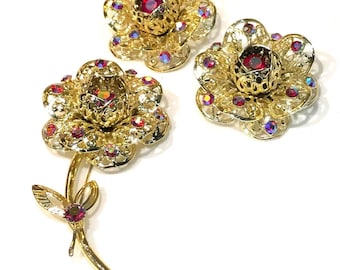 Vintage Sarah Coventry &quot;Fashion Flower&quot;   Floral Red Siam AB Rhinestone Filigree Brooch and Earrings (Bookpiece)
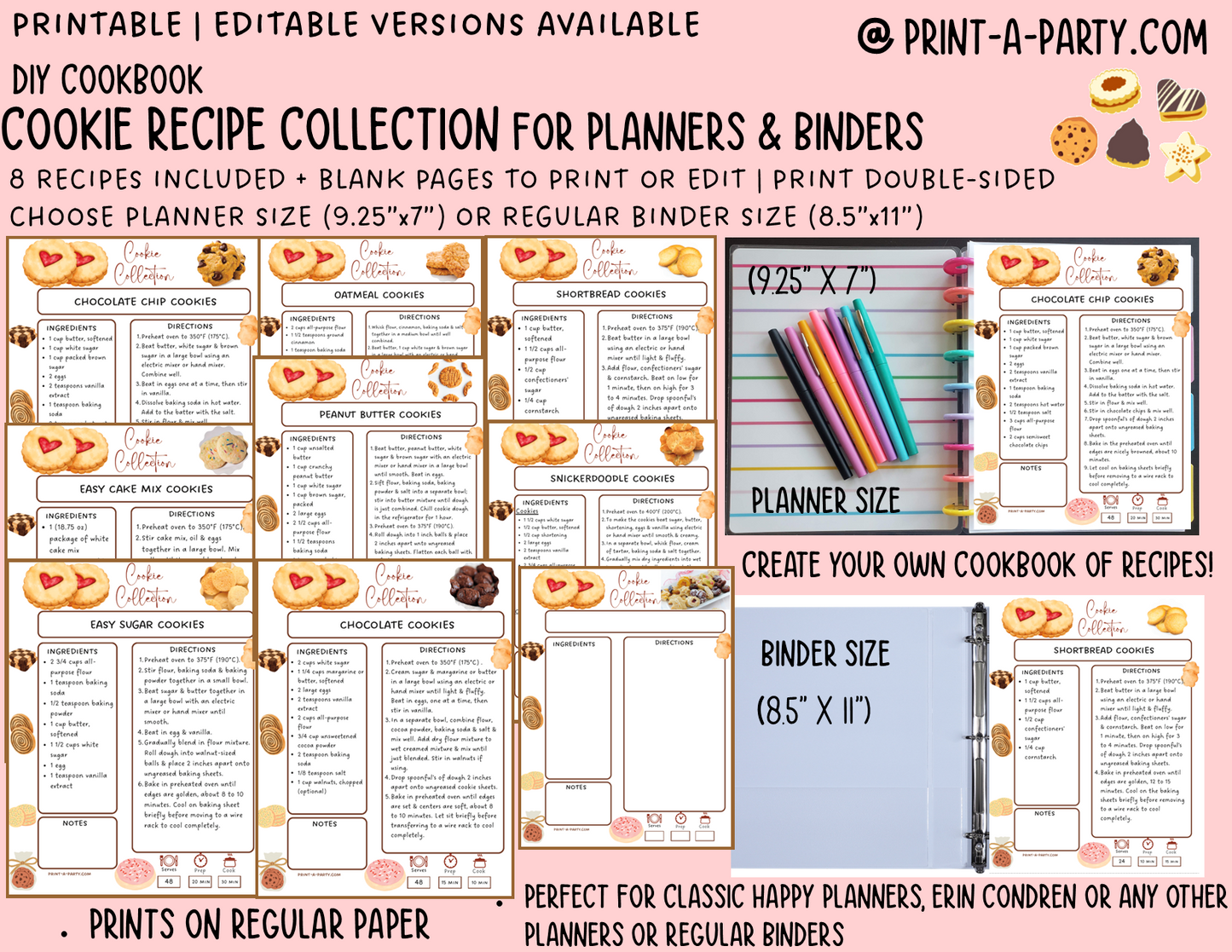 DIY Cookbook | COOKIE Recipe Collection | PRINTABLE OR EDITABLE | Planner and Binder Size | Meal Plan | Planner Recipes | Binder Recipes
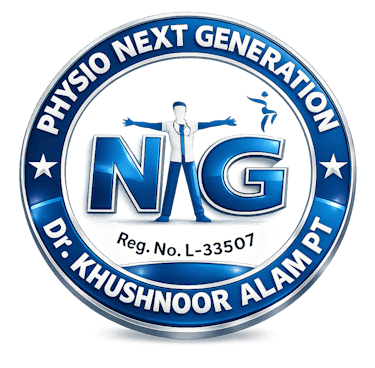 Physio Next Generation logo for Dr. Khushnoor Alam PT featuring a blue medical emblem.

==

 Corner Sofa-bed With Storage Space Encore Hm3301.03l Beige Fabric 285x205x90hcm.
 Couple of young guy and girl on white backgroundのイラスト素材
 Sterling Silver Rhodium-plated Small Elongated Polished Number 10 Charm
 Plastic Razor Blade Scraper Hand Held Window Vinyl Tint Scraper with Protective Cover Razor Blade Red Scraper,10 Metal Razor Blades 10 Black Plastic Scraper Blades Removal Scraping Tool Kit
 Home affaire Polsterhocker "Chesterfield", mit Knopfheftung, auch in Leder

* * *

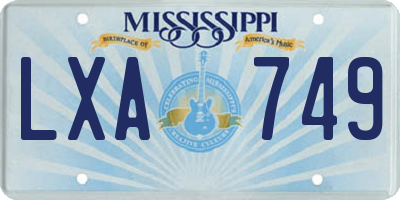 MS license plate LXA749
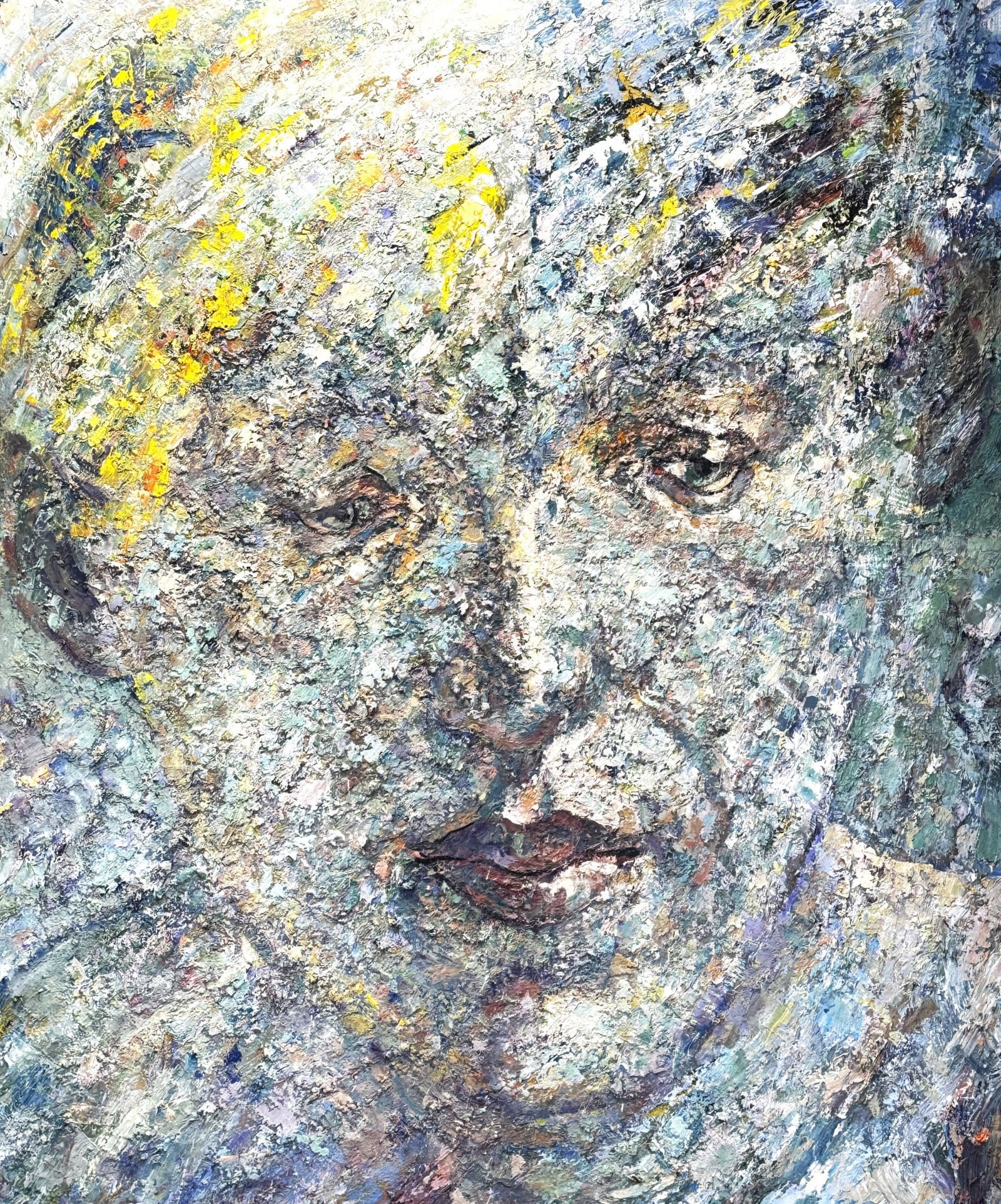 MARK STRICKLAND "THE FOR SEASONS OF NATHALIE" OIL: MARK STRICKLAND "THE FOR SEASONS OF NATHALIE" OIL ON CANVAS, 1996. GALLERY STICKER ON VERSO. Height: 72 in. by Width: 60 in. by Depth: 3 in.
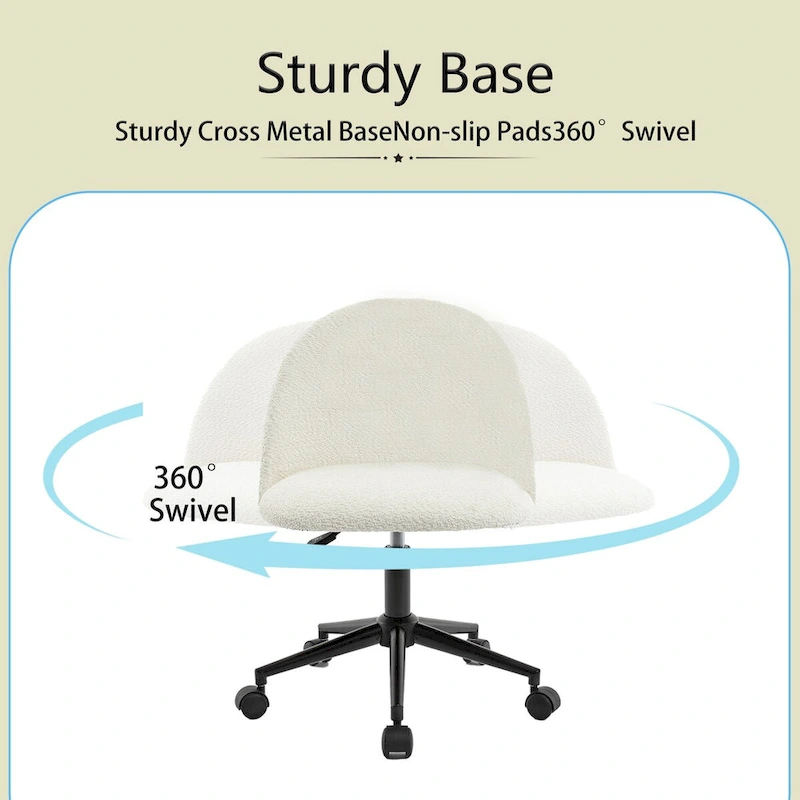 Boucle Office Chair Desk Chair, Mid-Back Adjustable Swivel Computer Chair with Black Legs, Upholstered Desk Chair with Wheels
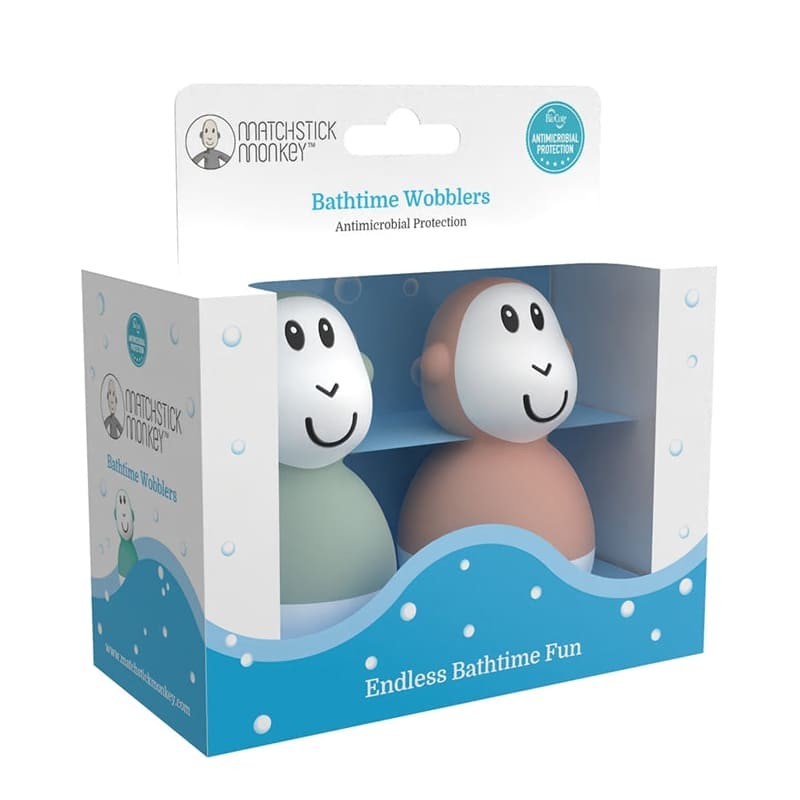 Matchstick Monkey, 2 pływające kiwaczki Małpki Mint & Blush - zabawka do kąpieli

# [WORK REQUEST]
Could you transcribe exactly the entries above, but only the lines from the one with "Vintage Sarah Coventry" through the one with "Physio Next Generation", and without pictures?

# [EXPECTED ANSWER]
 Vintage Sarah Coventry &quot;Fashion Flower&quot;   Floral Red Siam AB Rhinestone Filigree Brooch and Earrings (Bookpiece)
 DIY Cookbook | COOKIE Recipe Collection | PRINTABLE OR EDITABLE | Planner and Binder Size | Meal Plan | Planner Recipes | Binder Recipes
 Physio Next Generation logo for Dr. Khushnoor Alam PT featuring a blue medical emblem.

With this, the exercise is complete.